Como afirmava São João Paulo II, “o Reino de Deus não é um conceito, uma doutrina, um programa sujeito a livre elaboração, mas é acima de tudo uma Pessoa, que tem o nome e o rosto de Jesus de Nazaré, imagem do Deus invisível” (R.M.). Infelizmente, Deus é excluído do horizonte de muitas pessoas; e quando não encontra indiferença, reduz-se o discurso sobre Deus ao âmbito subjetivo, limitado a uma questão íntima e particular, marginalizado pela consciência pública. O coração da crise mundial é a crise espiritual e moral, gerada pelo abandono e fechamento a Deus: o homem pretende ter uma identidade e liberdade completa em si mesmo.
O Papa Paulo VI indicava claramente que a tarefa da Igreja, portanto nossa tarefa, é “chegar a atingir e como que a modificar pela força do Evangelho os critérios de julgar, os valores que contam, os centros de interesse, as linhas de pensamento, as fontes inspiradoras e os modelos de vida da humanidade, que se apresentam em contraste com a Palavra de Deus e com o desígnio da salvação” (Evangelii Nuntiandi).

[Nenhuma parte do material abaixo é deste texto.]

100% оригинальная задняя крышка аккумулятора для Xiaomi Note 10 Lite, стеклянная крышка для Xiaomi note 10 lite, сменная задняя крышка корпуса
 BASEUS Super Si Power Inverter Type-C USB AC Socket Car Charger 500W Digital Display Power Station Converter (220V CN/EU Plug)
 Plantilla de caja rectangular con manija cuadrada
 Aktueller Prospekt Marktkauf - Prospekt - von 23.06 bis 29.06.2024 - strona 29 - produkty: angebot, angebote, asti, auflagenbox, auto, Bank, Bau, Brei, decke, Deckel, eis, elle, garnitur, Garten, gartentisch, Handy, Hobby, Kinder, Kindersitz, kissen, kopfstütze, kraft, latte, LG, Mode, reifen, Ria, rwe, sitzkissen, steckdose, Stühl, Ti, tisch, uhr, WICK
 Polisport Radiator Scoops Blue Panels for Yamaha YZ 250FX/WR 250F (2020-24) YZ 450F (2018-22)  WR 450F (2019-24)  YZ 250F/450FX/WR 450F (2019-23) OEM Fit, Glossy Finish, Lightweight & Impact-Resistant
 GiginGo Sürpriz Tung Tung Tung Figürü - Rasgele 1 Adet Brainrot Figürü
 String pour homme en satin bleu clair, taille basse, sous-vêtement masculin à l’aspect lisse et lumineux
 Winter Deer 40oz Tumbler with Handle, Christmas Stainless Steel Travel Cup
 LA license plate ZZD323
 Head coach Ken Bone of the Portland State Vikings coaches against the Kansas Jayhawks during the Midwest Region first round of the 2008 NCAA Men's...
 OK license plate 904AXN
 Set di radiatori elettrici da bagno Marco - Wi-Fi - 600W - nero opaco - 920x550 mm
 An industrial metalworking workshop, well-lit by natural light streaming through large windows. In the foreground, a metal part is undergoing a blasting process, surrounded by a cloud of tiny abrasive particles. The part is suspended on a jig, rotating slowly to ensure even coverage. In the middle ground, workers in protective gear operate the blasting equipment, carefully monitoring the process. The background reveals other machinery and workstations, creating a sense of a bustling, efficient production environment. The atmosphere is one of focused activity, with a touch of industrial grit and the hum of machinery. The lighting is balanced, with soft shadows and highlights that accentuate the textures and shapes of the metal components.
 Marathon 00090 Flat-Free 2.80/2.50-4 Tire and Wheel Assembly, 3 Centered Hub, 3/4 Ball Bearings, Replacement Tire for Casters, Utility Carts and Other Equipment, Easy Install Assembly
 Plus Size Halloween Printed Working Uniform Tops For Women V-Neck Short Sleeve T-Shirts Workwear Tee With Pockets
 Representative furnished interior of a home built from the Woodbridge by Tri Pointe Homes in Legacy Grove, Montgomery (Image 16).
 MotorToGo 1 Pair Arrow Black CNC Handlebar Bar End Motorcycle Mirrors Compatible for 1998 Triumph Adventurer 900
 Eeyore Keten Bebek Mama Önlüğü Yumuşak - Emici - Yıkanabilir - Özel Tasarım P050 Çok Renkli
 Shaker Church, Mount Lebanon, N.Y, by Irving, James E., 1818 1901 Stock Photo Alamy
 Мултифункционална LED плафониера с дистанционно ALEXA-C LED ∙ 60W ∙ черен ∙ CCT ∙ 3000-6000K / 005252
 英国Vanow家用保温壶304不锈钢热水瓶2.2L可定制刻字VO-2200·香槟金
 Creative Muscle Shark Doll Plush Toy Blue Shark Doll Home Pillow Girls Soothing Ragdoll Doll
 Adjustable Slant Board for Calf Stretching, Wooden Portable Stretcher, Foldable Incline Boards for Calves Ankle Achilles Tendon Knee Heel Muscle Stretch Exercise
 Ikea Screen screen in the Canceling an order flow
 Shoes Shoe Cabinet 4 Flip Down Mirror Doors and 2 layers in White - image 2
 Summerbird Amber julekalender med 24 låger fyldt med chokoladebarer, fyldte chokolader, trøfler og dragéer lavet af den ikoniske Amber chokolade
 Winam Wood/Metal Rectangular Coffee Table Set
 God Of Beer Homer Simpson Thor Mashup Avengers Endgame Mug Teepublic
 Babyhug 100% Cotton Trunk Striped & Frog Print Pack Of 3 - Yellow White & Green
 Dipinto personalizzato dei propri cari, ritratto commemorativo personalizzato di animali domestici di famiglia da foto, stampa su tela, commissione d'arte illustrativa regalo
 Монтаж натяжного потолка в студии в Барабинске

Numa época em que, para muitos, Deus se tornou o grande Desconhecido e Jesus simplesmente um grande personagem do passado, não haverá evangelização sem a renovação da qualidade da nossa fé e da nossa oração; não seremos capazes de oferecer respostas adequadas, sem um acolhimento renovado do Espírito Santo; não saberemos conquistar para o Evangelho, se nós mesmos não formos os primeiros a viver uma profunda experiência de Deus.
Não podemos aceitar que o sal perca o sabor e que a luz seja escondida (Mt 5,13-16). O homem contemporâneo precisa ir, como a samaritana, ao poço, para ouvir o convite de Jesus a crer nEle e a beber da fonte de água viva (Jo 4,14). Jesus nos ensina a trabalhar “não pelo alimento que perece, mas pelo alimento que permanece até a vida eterna” (Jo 6,27). A questão posta na ocasião é a mesma que é colocada hoje: “Que devemos fazer para praticar as obras de Deus?” (v.28). A resposta é para o homem de hoje também: crer n’Aquele que Deus enviou (v.29). Por isso, a fé em Jesus Cristo é o caminho para se chegar à salvação, estabelecendo o critério do Evangelho para a edificação da sociedade humana.